Woody Allen pays homage to many influential films from Europe. Interiors is known for looking and feeling like an Ingmar Bergman film - notice the rolling beach shots, the baroque lighting. Stardust Memories explicitly references the Fellini film 8 ½ in its opening scene (in which Woody Allen is stuck on a train full of sad people). I believe this film to be among the greatest of all time, as it shows the loneliness and Kafkaesque alienation of rich celebrities. It portrays every step of the artistic process, as if it were scientific, always testing for a creative hypothesis, analyzing the "results" or reactions. But unlike science, the artistic process is pure vanity - nothing is accomplished. Each film that the character Sandy Bates finishes, only serves to alienate him from his audience even more. This film has a self-awareness that is a tunnel: much like an image that appears in a mirror within a mirror, Stardust Memories references itself referencing itself. It is the ultimate meta-film, the film about itself: hollow and self-indulgent by design. Narcissistic, indulgent, hopeless, pretentious, somehow lovable and kind, even with the feeling of being talked down to.

I also think this is the funniest Woody Allen, as it indulges itself in a kind of cynical, hostile, even rage-filled comedic style. And yet, as Stardust Memories creates a comedy that grows more and more absurd and indulgent by the second, at the same time, it further explores his fear of death and search for meaning in the empty universe.

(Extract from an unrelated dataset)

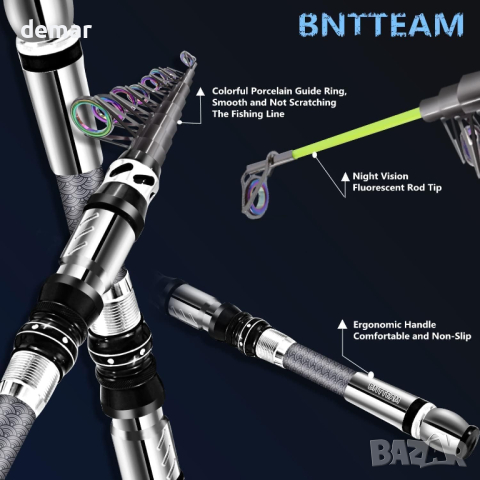 BNTTEAM телескопична въдица 99% въглеродни влакна с флуоресцентен връх (VIN TPYE, 2,4M/94,5in/7,84ft, снимка 6 - Въдици - 44674385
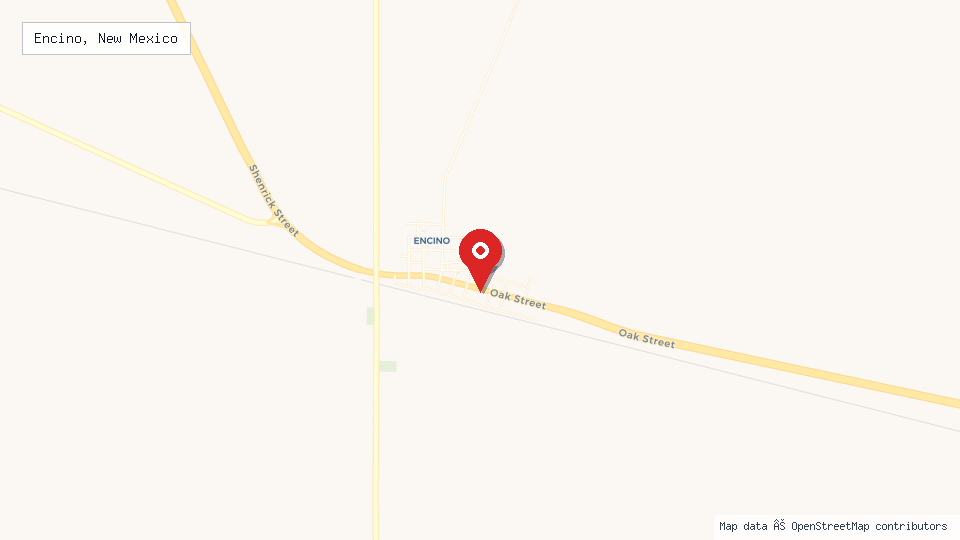 Street map of Encino, New Mexico with location pin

"You want to do mankind a real service? Tell funnier jokes."

Crimes and Misdemeanors

Crimes and Misdemeanors is the true highlight of Allen's career. A genuine, morbid, compelling story of murder and lost love. If you absolutely hate Woody Allen, and think his films are dog shit, and everything about him is pointless and self-indulgent, you should watch Crimes and Misdemeanors. This film explores a deeply troubling moral relativism, a question of how much a human life really matters, and if the consequences of taking a life are destined or purely circumstantial. It's the fatal, nihilistic psychology of "If a tree falls in a forest and no one is around to hear it...".

TANNER THIS IS NOT OKAY. But, But, But, Woody Allen is a pedophile/child rapist/murderer/psychopath/white supremacist. He murdered his daughter and married her corpse and fed it to dogs. And you LIKE Manhattan?? Annie Hall??? Juliette Lewis was HOW OLD in Husbands and Wives??